**** Supplied records ****
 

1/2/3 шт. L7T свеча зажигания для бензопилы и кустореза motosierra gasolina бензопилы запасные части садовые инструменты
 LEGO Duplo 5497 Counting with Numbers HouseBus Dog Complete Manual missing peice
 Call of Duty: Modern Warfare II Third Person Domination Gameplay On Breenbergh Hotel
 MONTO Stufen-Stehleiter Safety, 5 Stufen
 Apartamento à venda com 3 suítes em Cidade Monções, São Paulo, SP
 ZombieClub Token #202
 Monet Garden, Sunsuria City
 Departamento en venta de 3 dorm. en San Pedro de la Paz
****
**** Supplied records ****
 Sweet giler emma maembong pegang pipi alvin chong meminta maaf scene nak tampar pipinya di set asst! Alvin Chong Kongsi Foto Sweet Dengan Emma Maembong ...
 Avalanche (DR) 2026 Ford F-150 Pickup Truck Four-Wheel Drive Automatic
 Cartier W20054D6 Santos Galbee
****
About this exercise:
Take the line above containing "1/2/3 шт. L7T", the line containing "Departamento en venta", and all lines in between, and copy them exactly without anything else.

Written answer:
1/2/3 шт. L7T свеча зажигания для бензопилы и кустореза motosierra gasolina бензопилы запасные части садовые инструменты
 LEGO Duplo 5497 Counting with Numbers HouseBus Dog Complete Manual missing peice
 Call of Duty: Modern Warfare II Third Person Domination Gameplay On Breenbergh Hotel
 MONTO Stufen-Stehleiter Safety, 5 Stufen
 Apartamento à venda com 3 suítes em Cidade Monções, São Paulo, SP
 ZombieClub Token #202
 Monet Garden, Sunsuria City
 Departamento en venta de 3 dorm. en San Pedro de la Paz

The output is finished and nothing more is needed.